AIM OF THE TASK -
Word for word, transcribe the listing that follows, minus any pictures.

(DATASET EXTRACT Opens)

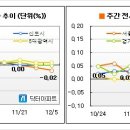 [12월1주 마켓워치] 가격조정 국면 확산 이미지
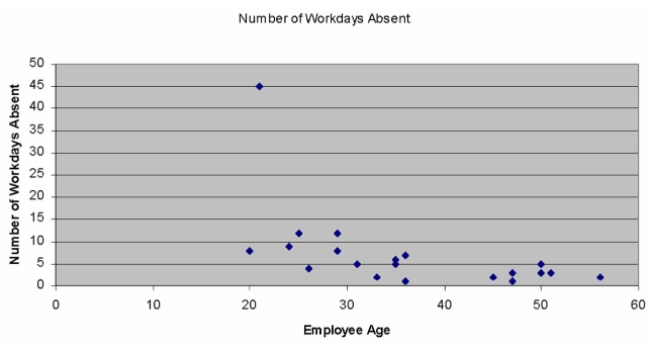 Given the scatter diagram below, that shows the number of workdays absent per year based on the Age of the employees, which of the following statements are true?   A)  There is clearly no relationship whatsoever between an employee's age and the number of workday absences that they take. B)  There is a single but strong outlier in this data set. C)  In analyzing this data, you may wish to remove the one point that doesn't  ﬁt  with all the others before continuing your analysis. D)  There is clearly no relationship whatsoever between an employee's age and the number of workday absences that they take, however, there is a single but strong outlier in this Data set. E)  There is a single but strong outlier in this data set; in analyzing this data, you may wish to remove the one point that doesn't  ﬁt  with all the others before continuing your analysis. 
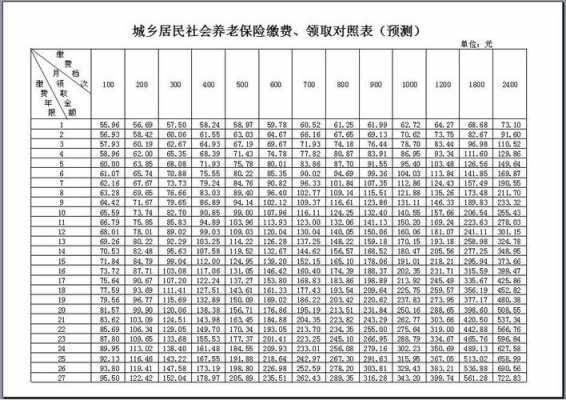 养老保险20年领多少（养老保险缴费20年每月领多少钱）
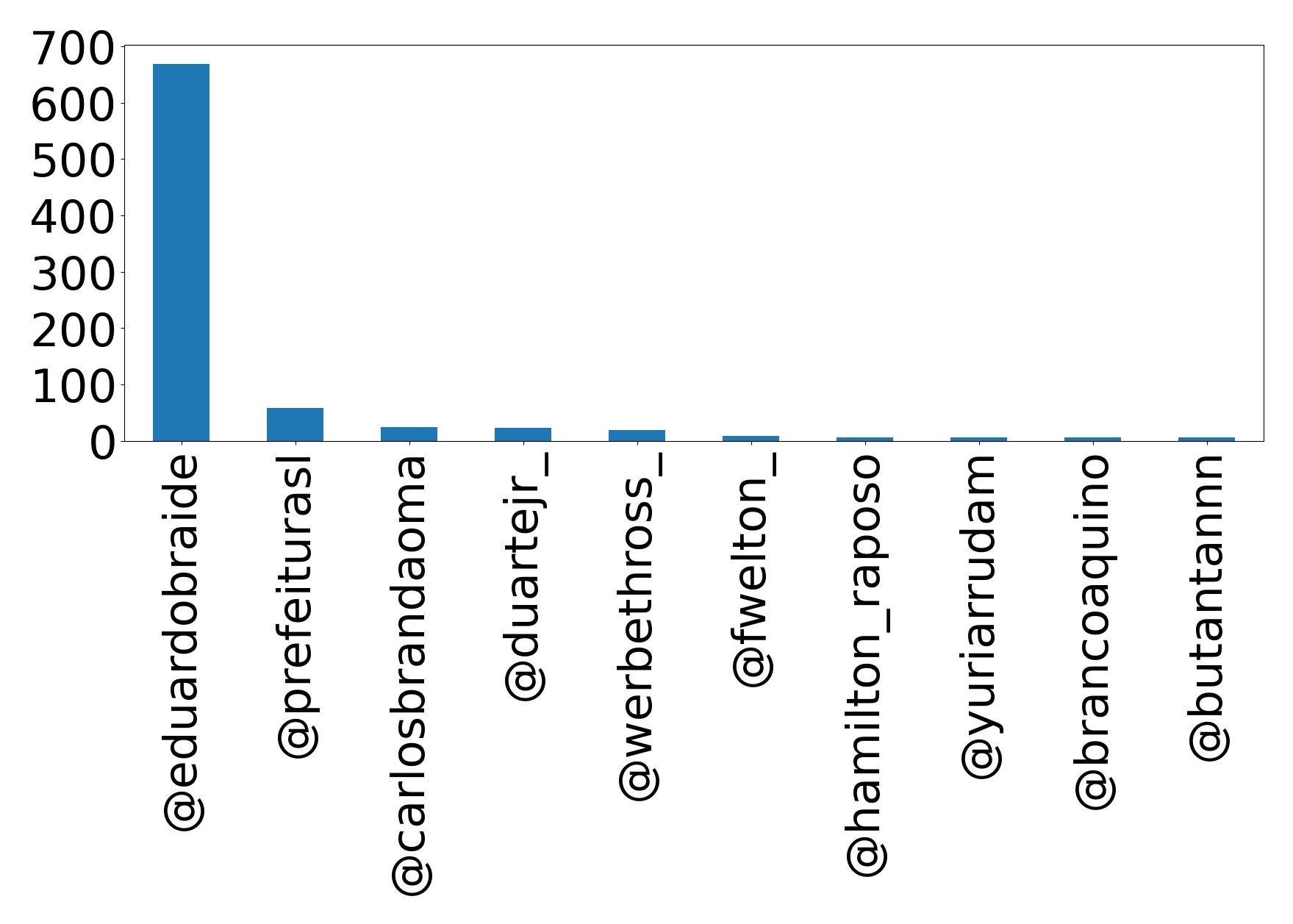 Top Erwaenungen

(DATASET EXTRACT Closes)

TASK SOLUTION -
 [12월1주 마켓워치] 가격조정 국면 확산 이미지
 Given the scatter diagram below, that shows the number of workdays absent per year based on the Age of the employees, which of the following statements are true?   A)  There is clearly no relationship whatsoever between an employee's age and the number of workday absences that they take. B)  There is a single but strong outlier in this data set. C)  In analyzing this data, you may wish to remove the one point that doesn't  ﬁt  with all the others before continuing your analysis. D)  There is clearly no relationship whatsoever between an employee's age and the number of workday absences that they take, however, there is a single but strong outlier in this Data set. E)  There is a single but strong outlier in this data set; in analyzing this data, you may wish to remove the one point that doesn't  ﬁt  with all the others before continuing your analysis. 
 养老保险20年领多少（养老保险缴费20年每月领多少钱）
 Top Erwaenungen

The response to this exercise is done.